Availability is calculated from a time window T and effective downtime D. For a 30‑day month, T is typically 43,200 minutes. If your SLA excludes planned maintenance, subtract maintenance from T so you do not penalize approved change windows. This calculator shows both the total window and the denominator window, which helps align reliability reports with contract language and on‑call expectations.

Impact Weighting for Partial Outages

Not every incident is a full outage. A degraded API, regional brownout, or capacity drop can be modeled with an impact percentage. Effective downtime becomes D_effective = downtime × impact. For example, 40 minutes at 60% impact counts as 24 effective minutes.

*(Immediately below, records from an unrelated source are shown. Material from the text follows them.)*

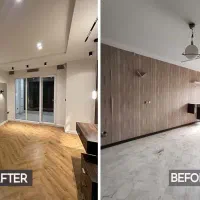 بازسازی ساختمان ، پیمانکار (مسکونی و تجاری)|خدمات پیشه و مهارت|کرمان, |دیوار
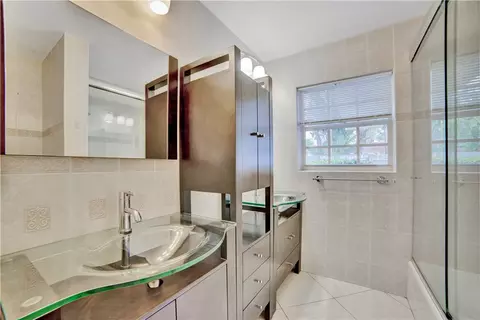 3406 Barton Rd, Pompano Beach, FL 33062 photo 33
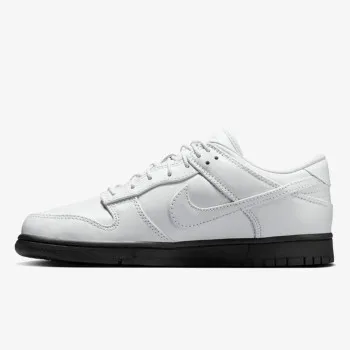 Nike Patike NIKE DUNK LOW RETRO PRM QS 1 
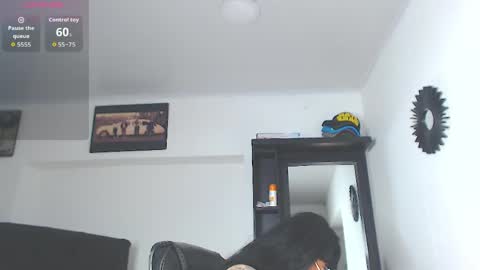 Vicky  online show from 04.30.26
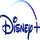 |PT| DISNEY + logo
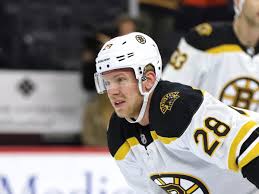 Find out the latest on your favorite nhl teams on cbssports.com. Boston Bruins Revamped Second Line Making The Difference In Playoff Push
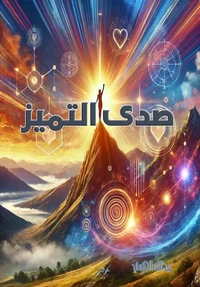 صدى التميز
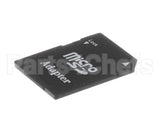 3324926000 Seb Professional Micro Sd Card With Adapter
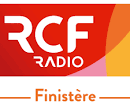 Logo RCF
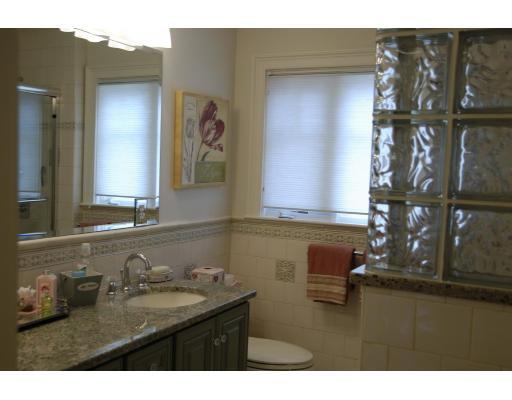 86 Elmwood Road Wellesley, MA 02481 - Photo 9 of 14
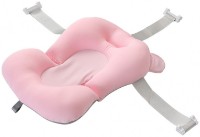 Гамак для купания Kikka Boo PSoft Bath ink (31404010010)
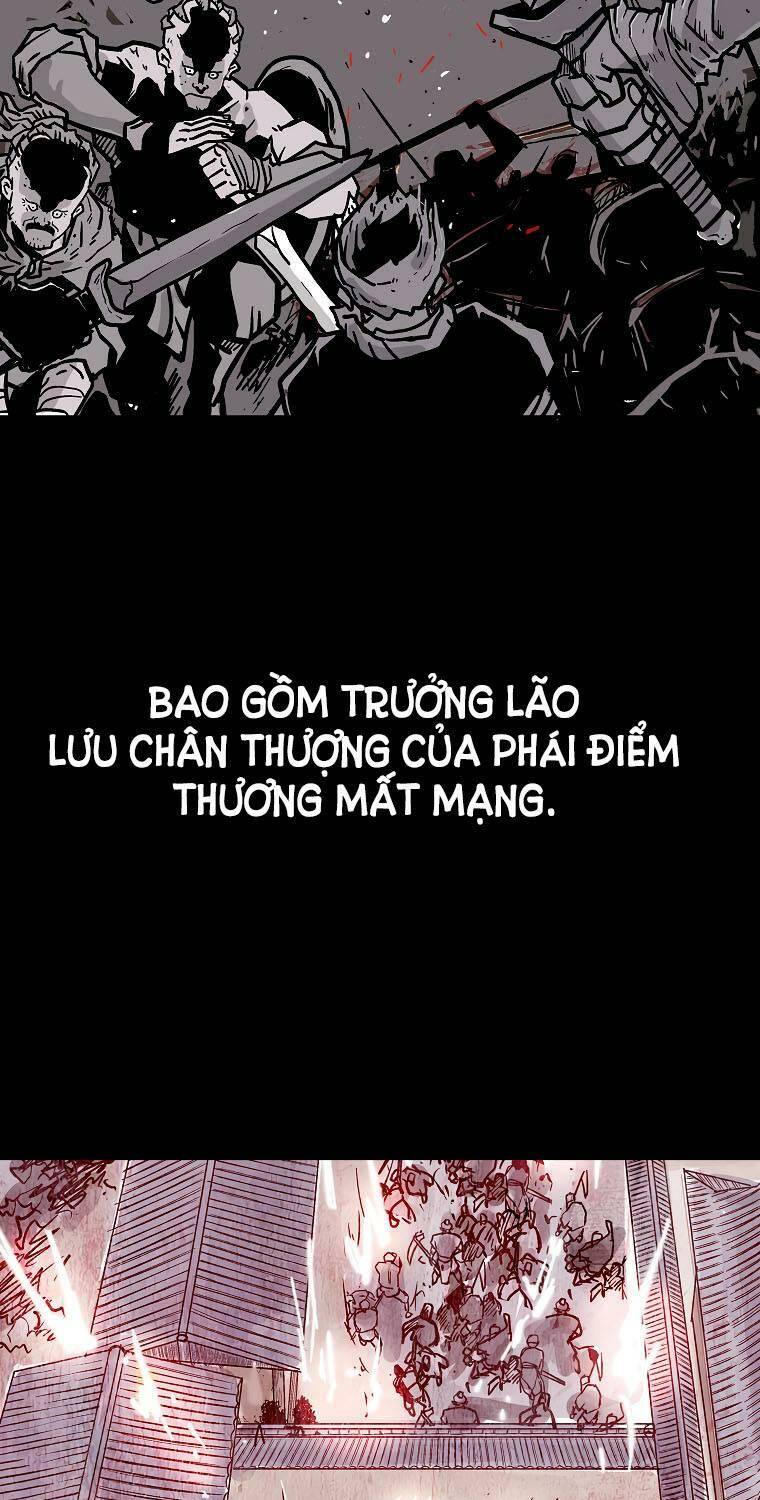 Chương 103 - Trang 2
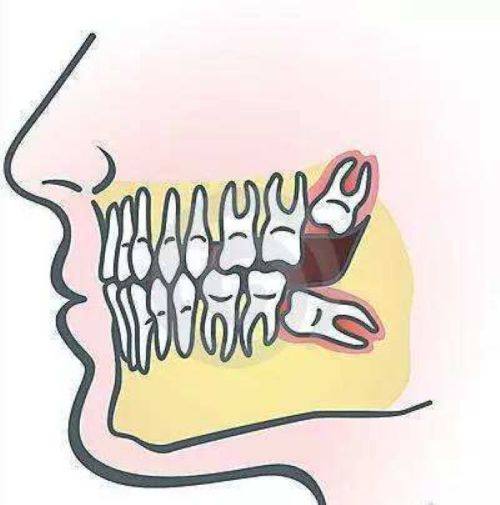 方丽医生口碑评价及真人实例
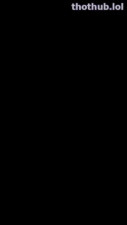 Rrerd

Using impact keeps the availability number honest while still reflecting customer experience when some traffic succeeds or service remains partially usable.

Reliability Inputs: MTBF, MTTD, MTTR

When you have engineering reliability data, use the MTBF/MTTD/MTTR method. Node availability is A = MTBF / (MTBF + MTTD + MTTR). Lowering detection time often improves availability as much as speeding repairs, because MTTD adds directly to restoration time. Track MTTR for both automated recovery and human intervention, then compare modeled results to observed downtime to validate assumptions.

Redundancy and k‑of‑n Service Requirements

Many platforms survive single failures through redundancy. The k‑of‑n model estimates system availability from identical component availability. Active‑active pairs commonly map to k=1, n=2, while quorum systems may be k=2, n=3. If A_node is 99.0%, a k=1, n=2 pool yields about 99.99% availability, because the service is down only when both components fail simultaneously.

SLA Targets and Error Budgets for Engineering Decisions

SLA targets convert quickly into an “error budget” that guides release velocity and risk. Allowed downtime is (1 − SLA) × T, and remaining budget is allowed minus effective downtime. If a team consumes budget early in a month, freeze risky changes, reduce blast radius, and improve monitoring. If budget stays healthy, you can ship faster while still meeting contractual expectations. Use the downtime equivalents table to translate a percentage into minutes per week, month, and year for stakeholder communication and planning.

FAQs

1) What is the difference between uptime and availability?

Uptime is time the system is running. Availability is the fraction of the agreed window where users can successfully use the service, including partial outages and SLA exclusions.

2) Should planned maintenance count as downtime?

Only if your contract or SLO includes it. If maintenance is excluded, subtract planned minutes from the denominator so change windows do not reduce the reported availability.

3) How do I choose between downtime and reliability methods?

Use downtime when you have measured outage minutes from monitoring or incident reviews. Use reliability when you want a forward-looking estimate from MTBF, detection time, and repair time, especially during design or capacity planning.

4) How does the impact percentage affect results?

Impact scales downtime to represent degraded service. A 50% impact means each minute counts as half a minute of effective downtime, which changes both availability and remaining error budget.

5) What does “approximate nines” mean?

It converts availability into a shorthand using −log10(1−A). It is approximate because it ignores traffic shape, correlated failures, and distribution tails, but it helps compare systems with different uptime percentages quickly.

6) Can I model multi-region or clustered services?

Yes. Use k-of-n with n regions or nodes and set k to the minimum that must be healthy to serve traffic. For asymmetric regions, run scenarios per region and compare results using the export outputs.